A top layer comprises a coating of a synthetic non-cellular, polymeric resin 20 containing a dispersion of solvent-removable chopped fibers 22. The resin 20 is curable or cross-linkable to a solvent-resistant state as shown in FIG. 2. The fabric 30 shown in FIG. 2 is the fabric 10 wherein resin 20 has been cured to obtain the cured resin 24. The resin 24 may be any solvent-resistant, cured resin of a synthetic polymeric resin 20. Representative of such resins 20, 24 are elastomeric resins of polyethylene, polyurethanes, including polyether and polyester polyurethanes, polyisocyanurates and the like. The method of preparing such resins and for coating them on substrates is well-known to those skilled in the art. The thickness of the coating or resin 24 is advantageously within the range of from 0.050" to 0.200". The solvent-removable fibers 22 are either synthetic polymeric resin staple or natural fibers, which may be dissolved with specific solvents, to which the resin 24 and yarns 14, 16 are solvent resistant. Representative of such solvent removable fibers are fibers of wool, ethyl cellulose, polystyrene, polycarbonate and polystyrenemethylmethacrylate which are readily dissolved in dry cleaning solvents or aqueous acid or alkali mediums (see U.S. Pat.

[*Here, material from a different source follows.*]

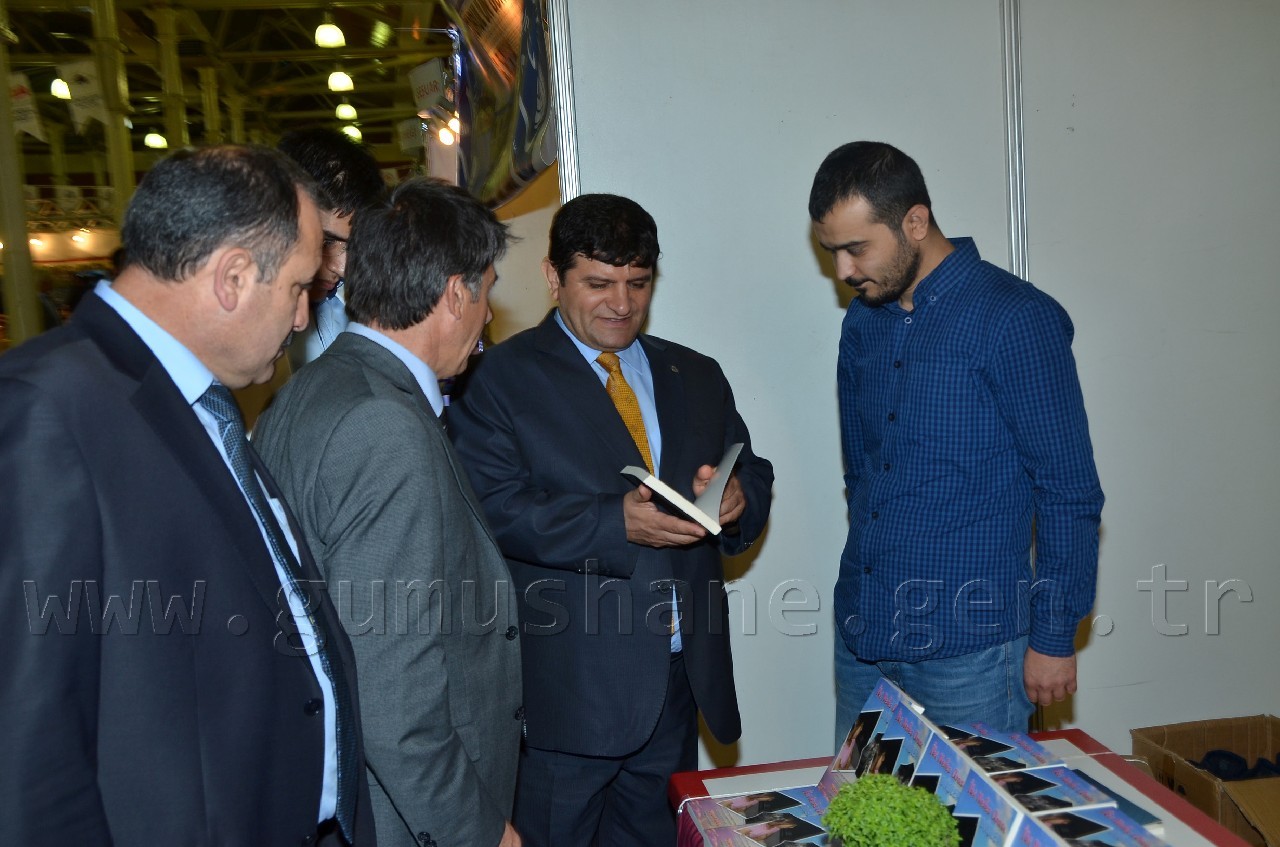 Vali Mayda Feshanedeki Stantları Gezdi 1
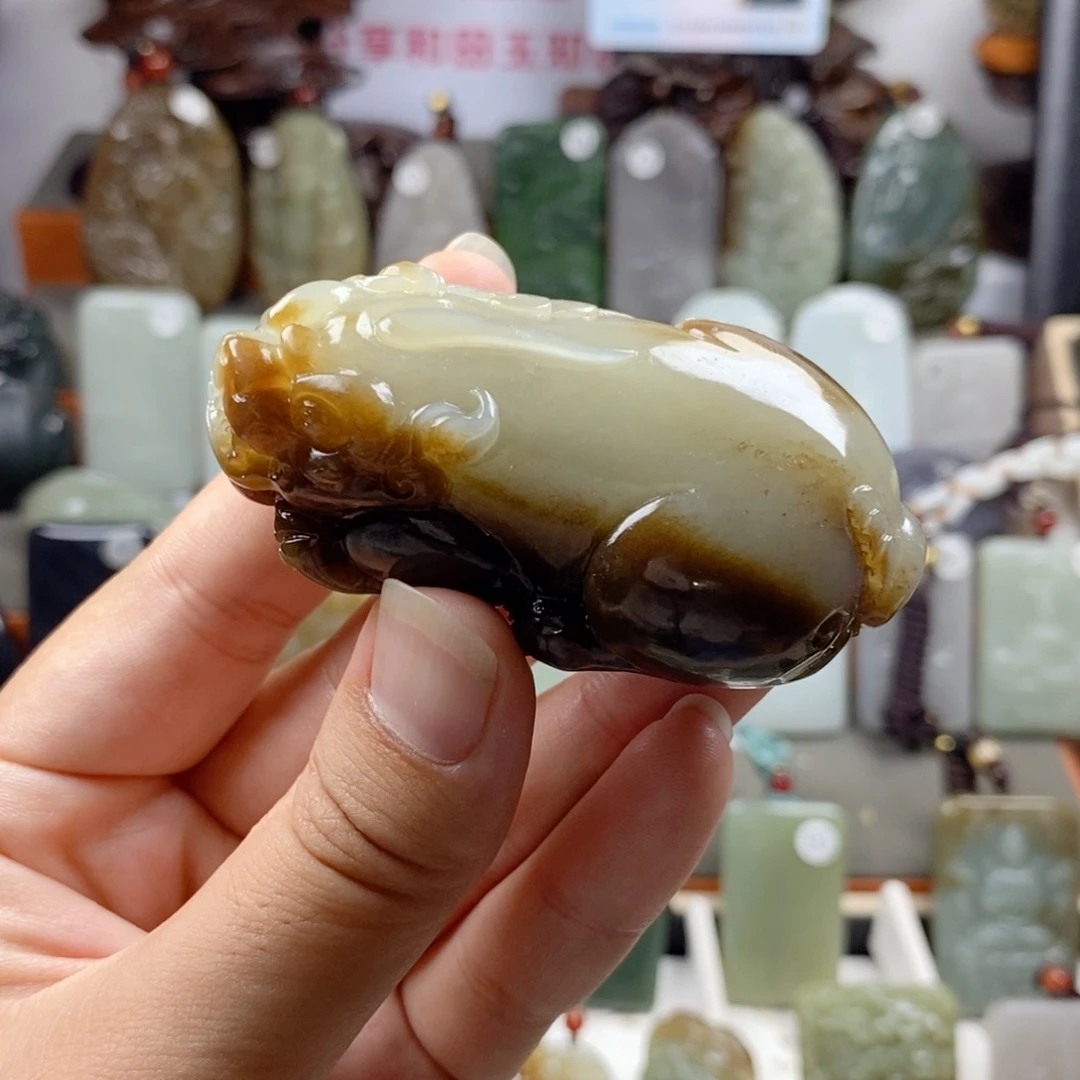 和田玉（糖玉）未镶嵌颈饰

No. 3,311,928). Fibers of polyvinyl alcohol may be used and are removable by dissolution in water; as are fibers of poly(ethylene oxide); see U.S. Pat. No. 4,097,652. Fibers of certain polyethylenes are also usable, being removable by dissolution in hot water (see U.S. Pat. Nos. 2,714,758 and 3,317,864). Wool fibers are inexpensive, and can be removed with 5% NaOH at 150° F. to 212° F. without damage to the base yarns or the resin 24.

Alternatively, the solvent-removable fibers need not be chopped fibers admixed with the resin 20. Any other procedure may be followed whereby the fibers (or other solvent-removable material as hereinafter described) may be employed so as to leave void spaces or channels in the cured resin 24 upon removal. For example, a tangle of mainly continuous solvent-removable yarns or filaments may be placed on the surface of a base structure. The resin 20 coating is then applied so as to penetrate the tangle and into a portion of the base structure, bonding the tangle to the base. Upon removal of the solvent-removable material, voids are left in the cured resin 24. The tangle might resemble a pot scrub pad. The density of the tangle would determine the degree of voids left. Also, the base fabric may be fabricated to include the solvent-removable fibers in such a way that the fibers project like pile or tufts. The tufts could be cut or left uncut. The pile side of the fabric can then be coated with the resin 20, penetrating at least part way into the base fabric. Upon removal of the solvent-removable fibers, voids are left in the cured resin 24. The density of the piles or tufts would determine the degree of voids.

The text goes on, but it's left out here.